Some grim news about the U.S. deficit, via Fix the Debt:
New projections from the non-partisan Congressional Budget Office (CBO) show the national debt and deficits rising rapidly, with debt rising by over $10 trillion over the next decade and deficits growing from $439 billion last year to $544 billion this year, and to $1.37 trillion by 2026. This represents a significant deterioration from previous projections.
“This report makes it abundantly clear that the era of declining deficits is over,” said Maya MacGuineas, head of the Campaign to Fix the Deb [. . .]

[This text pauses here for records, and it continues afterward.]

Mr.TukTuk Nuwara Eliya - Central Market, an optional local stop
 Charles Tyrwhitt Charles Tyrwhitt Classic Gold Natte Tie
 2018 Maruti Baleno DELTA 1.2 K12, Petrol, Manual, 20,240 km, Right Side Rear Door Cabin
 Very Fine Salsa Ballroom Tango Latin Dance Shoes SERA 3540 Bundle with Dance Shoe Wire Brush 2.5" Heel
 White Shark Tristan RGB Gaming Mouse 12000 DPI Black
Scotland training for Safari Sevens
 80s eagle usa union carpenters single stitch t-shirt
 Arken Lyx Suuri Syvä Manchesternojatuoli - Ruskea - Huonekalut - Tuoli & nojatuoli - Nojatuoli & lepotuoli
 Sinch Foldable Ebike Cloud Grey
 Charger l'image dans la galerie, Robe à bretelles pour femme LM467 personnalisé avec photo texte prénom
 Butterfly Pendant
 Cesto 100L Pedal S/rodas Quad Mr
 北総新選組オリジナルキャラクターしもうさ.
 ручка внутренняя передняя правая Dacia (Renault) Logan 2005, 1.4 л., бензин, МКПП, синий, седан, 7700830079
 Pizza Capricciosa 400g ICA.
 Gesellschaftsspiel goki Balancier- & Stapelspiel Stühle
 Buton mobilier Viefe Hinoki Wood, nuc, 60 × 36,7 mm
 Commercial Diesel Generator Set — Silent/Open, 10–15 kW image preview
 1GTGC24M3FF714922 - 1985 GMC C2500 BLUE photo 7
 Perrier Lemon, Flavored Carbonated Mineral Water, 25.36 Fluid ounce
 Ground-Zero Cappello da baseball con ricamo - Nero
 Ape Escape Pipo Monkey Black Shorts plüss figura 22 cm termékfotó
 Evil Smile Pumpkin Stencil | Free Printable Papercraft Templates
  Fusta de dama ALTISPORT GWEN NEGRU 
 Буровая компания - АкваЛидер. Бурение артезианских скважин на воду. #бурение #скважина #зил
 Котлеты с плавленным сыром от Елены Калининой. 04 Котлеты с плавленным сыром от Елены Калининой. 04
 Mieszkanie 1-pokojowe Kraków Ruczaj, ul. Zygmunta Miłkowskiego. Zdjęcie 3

According to CBO, the national debt will rise from $13.1 trillion, or 74 percent of GDP last year, to $23.8 trillion, or 86 percent by 2026. This is significantly worse than CBO’s projections in August, which showed debt rising to 77 percent of GDP by 2025. In total, debt in 2025 will be $1.4 trillion higher than had been previously projected.
Interest rates were already raised in December, and if they continue rising, this is going to be an even bigger issue.
But, either way, the reality at play here—that we are facing rising deficits after a long period of sustained, if tepid, economic growth—points to just how irresponsibly the federal budget has been managed. Both President Bush and President Obama added enormously and unwisely to the country’s deficit and debt, and the consequences of these errors will haunt us for years to come.